Sunday, April 18, 2010

Middle Class

Too many people are claiming the government isn’t helping middle class people like them, when I have no idea what they mean by the term "middle class."

In the early republic, people divided society into three groups - the poor who they thought were failures, the rich who they distrusted as parasites, and the middling like themselves.

When I was growing up, after the Lynds had described Middletown, we had a more nuanced view. If pushed, we would have said middle class meant a set of values about the virtue of hard work and preparing for the future. If we used any one criteria to distinguish between our neighbors, it was their expectations for their children. There were people who weren’t poor who didn’t expect their kids to go to college, and there were the well-to-do, many of them salesmen, whose teenagers were undisciplined - we knew neither was middle class.

By this criteria, Barak Obama and Joe Biden are middle class, while Sarah Palin and John McCain are not.

However, even when I was a child, advertisers were promoting a different definition.
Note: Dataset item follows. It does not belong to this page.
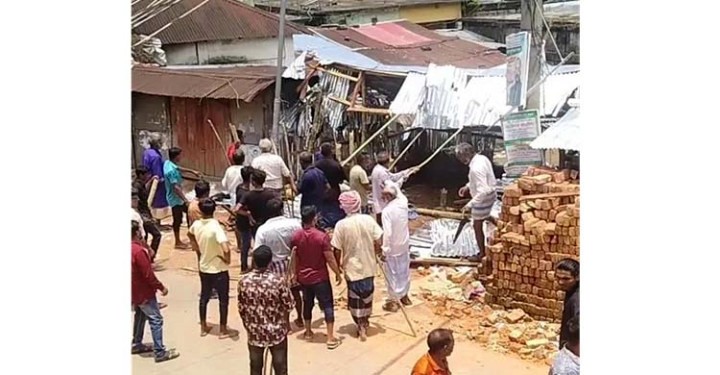 রাজনগরে বিএনপির দুই গ্রুপের সংঘর্ষ, দোকান ভাঙচুর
Middle class was the possession of certain items like a home and car. Where I was a child in the 1950's, many middle class people still preferred to rent a house rather than take on the debt of a mortgage, but that changed by the 1960's.

Unfortunately, when advertisers define middle class, one never quite achieves the goal. Life becomes an eternal adolescence when one must prove one self by one’s goods.

By this standard, all the candidates for president and vice-president in the last election were middle class, and Palin and McCain were more successful than their rivals.

Statisticians and the economists who interpret their numbers have reduced middle class to set income levels or averages or percentiles. Values don’t matter. A mobster is as middle class as a preacher if he reports the same numbers to the IRS.

Now the economy is in crisis, and people shift from one definition to another.

I read about one family in Memphis that was using the food kitchen where the wife had volunteered before she lost her job as a shift manager at a fast-food outlet.

Only when I read about them, my childhood definitions said, "no, you’re not middle class." Several years before, she and her truck driver husband had gotten so far into debt they declared bankruptcy, and now, here they were again, in trouble.

I sympathized with her reaction when her employer told her they were eliminating her position, but she was welcome to continue doing the same work for half the pay. I would have walked too. But, I wouldn’t have stayed home. I would have gone out and accepted the same job, at the lower wage, from some one else. My pride would have limits when I had a family to feed.

She said her teen-age son had just gotten a part-time job, but they didn’t expect him to contribute to the household expenses. She told the reporter "she'd rather he learn how to manage his own finances."

No, not middle class, even if her husband’s income qualified and they had a car and a mortgage on their house.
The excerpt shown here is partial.